9. Bölüm

6.4K 241 10
                                    


(Multimedia=Fire)

Açıkça konuşmak gerekirse; 9 yaşında olabilirim. Ama hayır, küçük bir çocuk değilim. Sadece 4 yıldır göremediğim ablamın yanındayken bu kadar rahat ve huzur dolu olabilirim.

Evde ben adeta 'büyümüş de küçülmüş' sözünün tanımı gibiyim. Annem ve babamın saçma salak tartışmalarını takmayan ve birbirlerini suçlamalarını umursamamaya çalışan 9 yaşında bir oğlan çocuğu. "Ona bunun olması benim suçum değil Terence!" (Terıns) "Onu daha sıkı uyarabilirdin Melanie! Böylece doğruca eve gelirdi ve bizim de NORMAL bir hayatımız olurdu!" (Melani) Ardından bazı şişe ve bardakların kırılma sesleri.
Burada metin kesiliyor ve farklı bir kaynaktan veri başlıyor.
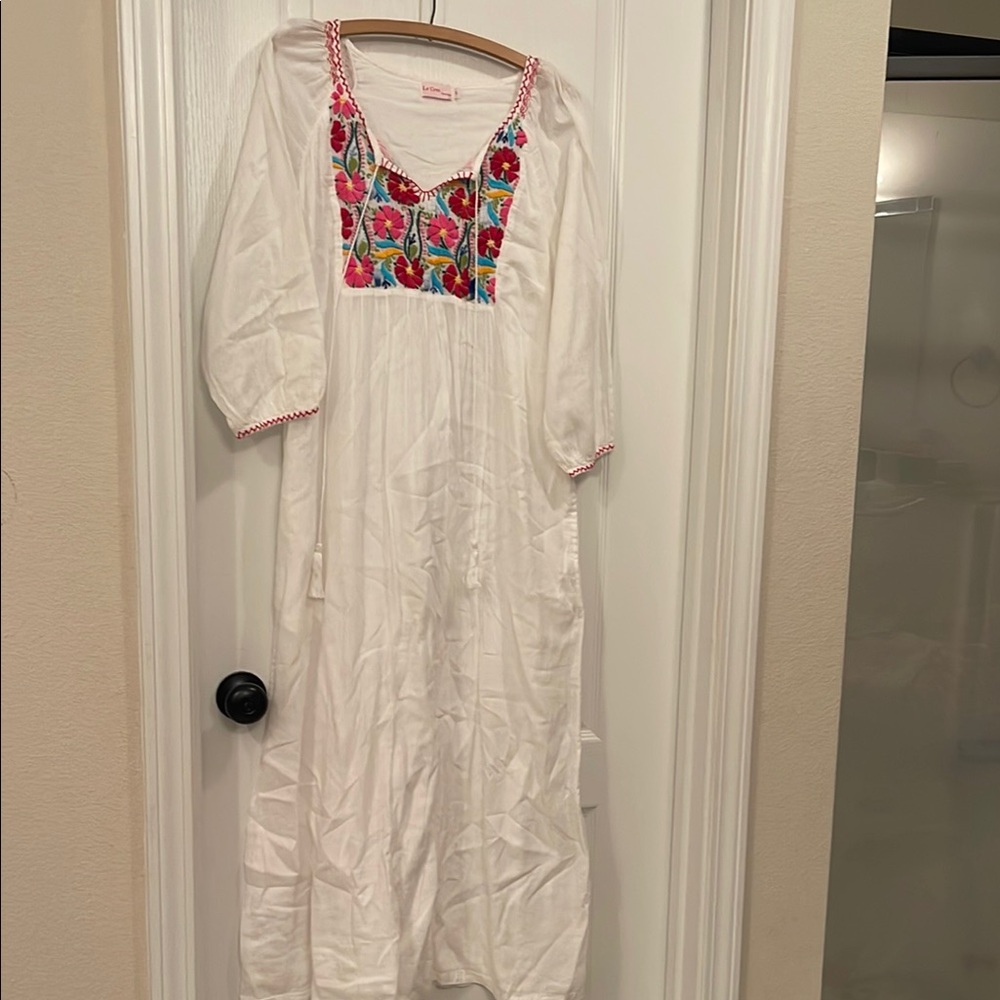 White Embroidered Dress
Bu tartışmalar dışunda annem ve babam... Onları sizlere nasıl anlatsam ki? Madileyn ölmüş gibi davranıyorlardı. Sanki ölmüştü ve bir daha hiç geri dönmeyecekti. Sanki hiç düzelmeyecekti. Bazen, karşılarına geçip "Sizi lanet olasıca pislikler! O ölmedi ve siz bunu fark edemeyecek kadar sarhol sürtüklersiniz!" diye bağırmak istiyorum. Ve bu istekle baş etmek gündem güne daha da zor bir eylem halini alıyor.

Bana güvenmiyorlar. Evden okula ve okuldan eve... Dört duvar arasında yaşıyorum. Aynı bir kobay faresi gibi. Ama kobay faresi bile deney için arada bir dışarı çıkıyor değil mi?
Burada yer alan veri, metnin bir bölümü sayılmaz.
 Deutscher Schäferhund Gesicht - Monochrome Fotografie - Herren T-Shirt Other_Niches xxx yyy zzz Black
Tabii bu konuda onları suçlayamam da. Ne de olsa Madileyn'in başına gelenlerin benim de başıma gelmesini istemiyorlar. Buraya kadar herşey tamam. Ama onu burada ziyarete GELMEMEK nedir? İşte bu noktada, bu yaptıkları sınırları aşıyor!

Bazen hayatın ne kadar adi ve acımasız olduğunu farkına varıyorum. Ve bazen, gündelik sorunlar, şikayetler ve sıkıntıları bir kenara attığımda düşünüyorum. Herkesin problemleri var. Bu duruma bakılacak olursa herkesin böyle yerlere kapatılması gerekmiyor mu? Niye sadece benim ablam? Neden?

Okulumdan da ayrıca nefret ediyorum. Bana türlü türlü lakaplar takıyorlar ve "sende git bir doktora görün bence" gibisinden seviyelerinin ne kadar düşük olduğunu bana birkez daha kanıtlayan laflar ediyorlar.

Ablam bana bu... bu... YERİ gezdirirken aslında halimden memnundum. Yeniden bir aradaydık. Ve vay canına! Burası oldukça büyüktü ve aynı zamanda da cana yakın gibi duruyorudu.

Yani, bir yürüyen ölüyseniz size oldukça cana yakın gelebilecek bir ortamdı.

Gülümsemeye çalışarak ablama döndüm. "Vay canına! Burada sizlere oldukça iyi davranıyorlar değil mi?" Sesimin heyecanlı ve umut dolu çıkmış olmasını umuyordum.

Bir an gülecek gibi oldu. Yüz hatları gerildi ve dudakları gülümseyecekmiş gibi bir hâl aldı. Ama bir an sonra yine eski pozisyonuna döndü.

İşin en kötü yanı ne biliyor musunuz? Onub sesini hatırlayamıyorum. Veya kahkahasını. Annem eskiden çok güler yüzlü ve konuşkan olduğunu anlatıp duruyor. Bana ne kadar iyi baktığını. Ama şu an ben bunların hiçbirini göremiyorum. Gerçekten çok acı. Çok acı.